(Extracted data entries)
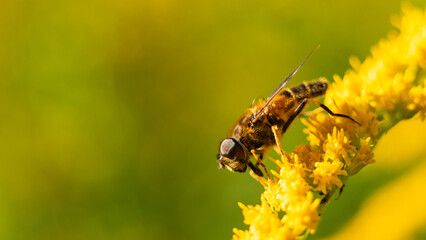 Wall Mural - The honey bee (Apis mellifera) collects nectar from plants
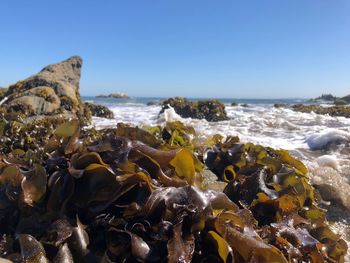 Scenic view of sea against clear sky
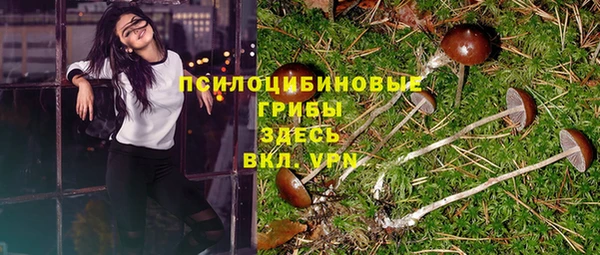 хмурый Балабаново
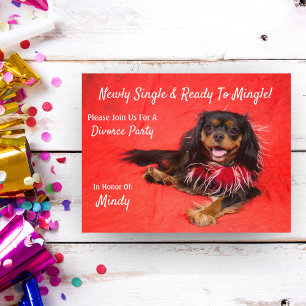Divorce Party Cavalier King Charles Spaniel Uitnodiging Briefkaart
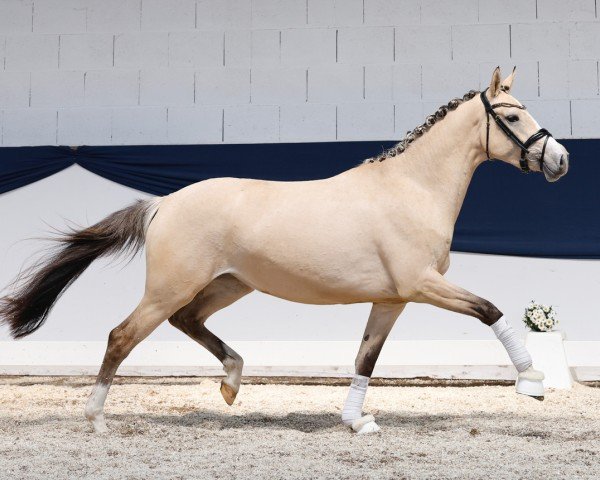 horse Von Ahlen’s Blütenstaub (German Riding Pony, 2022, from Don Papa WE)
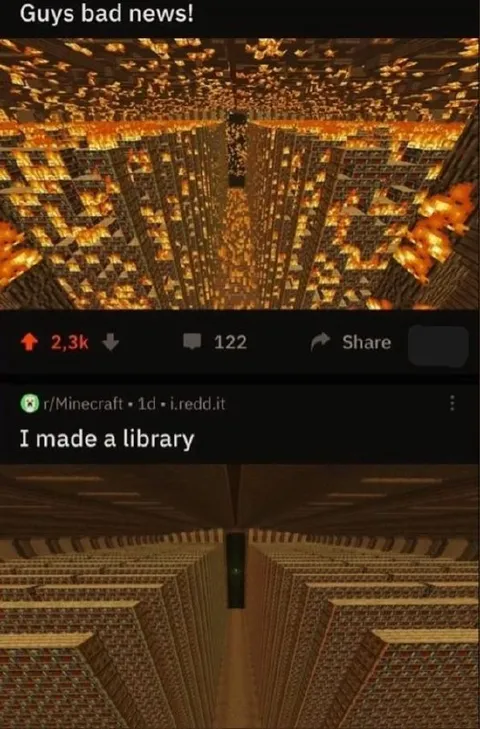 Minecraft Library Goes Too Far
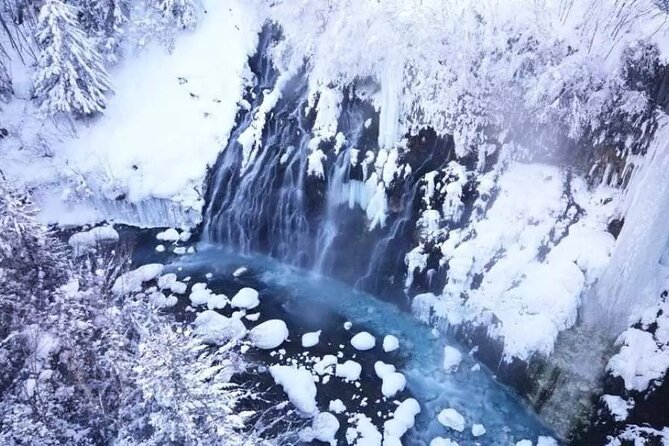 Hokkaido Day Tour from Sapporo: Asahiyama Zoo, Blue Pond Japan - Asahiyama Zoo: Penguin Walks, Seals, and Polar Bears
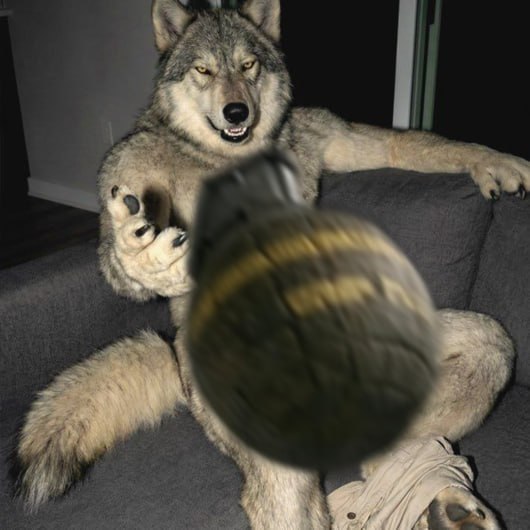 koschka_v_masle, 26 лет, Курск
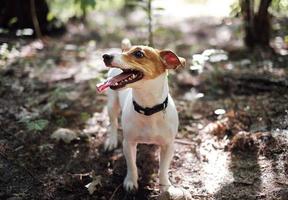 jack russell terrier che gioca nella foresta foto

=== EXERCISE DETAILS ===
Above are the records; set down exactly the lines from the line containing "Minecraft Library Goes Too Far" through their last line, leaving every picture out.

=== TASK ANSWER ===
 Minecraft Library Goes Too Far
 Hokkaido Day Tour from Sapporo: Asahiyama Zoo, Blue Pond Japan - Asahiyama Zoo: Penguin Walks, Seals, and Polar Bears
 koschka_v_masle, 26 лет, Курск
 jack russell terrier che gioca nella foresta foto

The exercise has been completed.